High triglycerides are not your destiny. They’re your body’s way of waving a red flag, asking for help. Thankfully, with the right support and a little detective work, you can bring those numbers down and feel more vibrant in the process.
From my years in clinical practice, I’ve learned that triglycerides respond beautifully to functional nutrition strategies that nourish your body from the inside out. Let’s look at seven of my go-to recommendations.
Disclaimer:
The stories and personal experiences shared in this post are intended for educational and inspirational purposes only. They reflect real-life situations, but names and certain details may be changed to protect privacy. These narratives are not intended to replace professional medical advice, diagnosis, or treatment.
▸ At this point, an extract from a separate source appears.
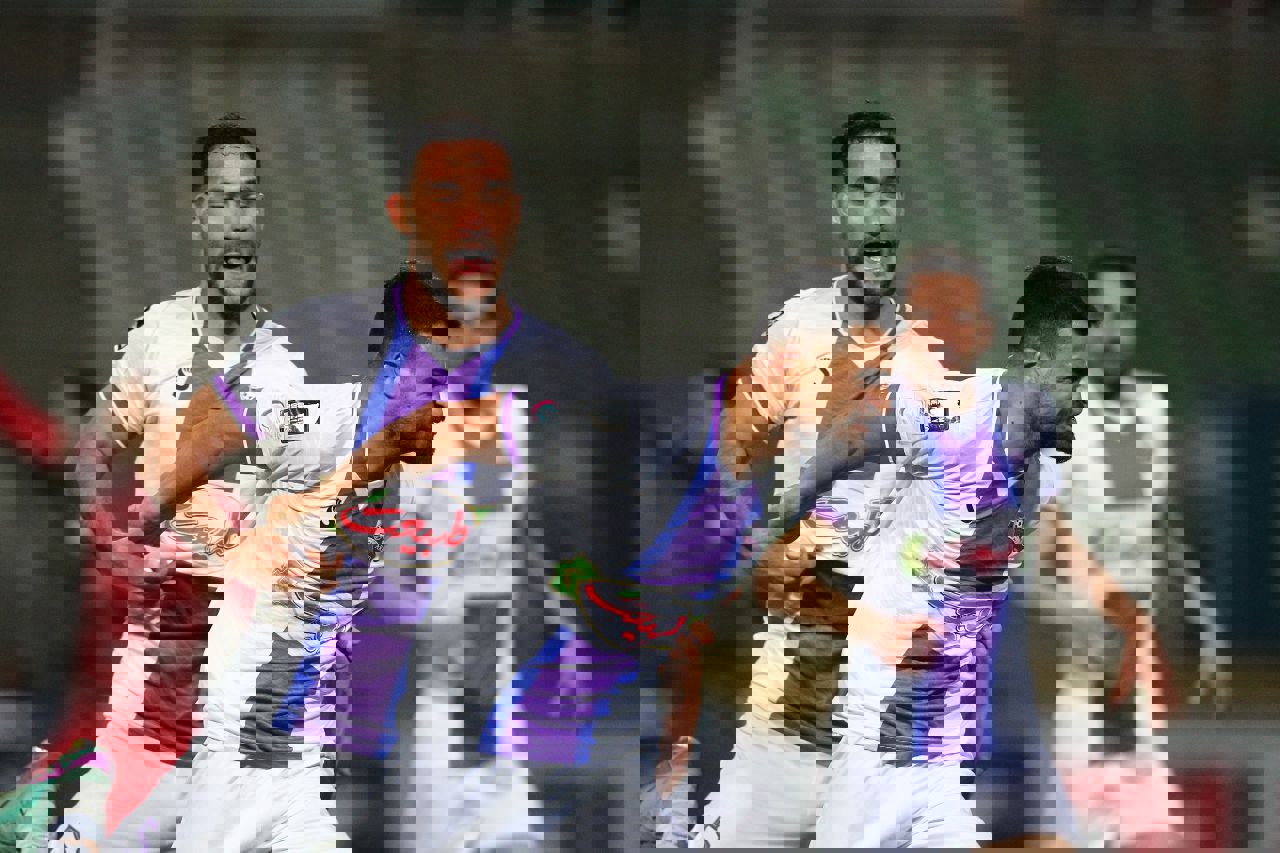 2157161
Always consult your healthcare provider before making any changes to your medications or health routine.
1. Balance Your Blood Sugar First
Your triglycerides love to party when your blood sugar is on a rollercoaster. Every time your body gets a sugar surge, it stores the extra glucose as triglycerides in the liver.
Try this:
Combine protein, healthy fat, and fiber at every meal.
Swap white rice for quinoa, white bread for sprouted grain, and fruit juice for whole fruit.
Real-life: Maria swapped her morning muffin for scrambled eggs, avocado, and spinach—and her mid-morning crashes disappeared within a week!
2. Support Your Liver Detox Pathways
When the liver is bogged down from alcohol, medication, or environmental toxins, it doesn’t process fat efficiently—hello, triglyceride traffic jam.
Try this:
Increase leafy greens like dandelion, beet greens, and arugula.
Drink warm lemon water in the morning.
Consider milk thistle or NAC (check with your practitioner first!).
Real-life: After adding a daily green smoothie with kale, lemon, and flaxseed, Marcus saw his triglycerides drop by 60 points in 90 days.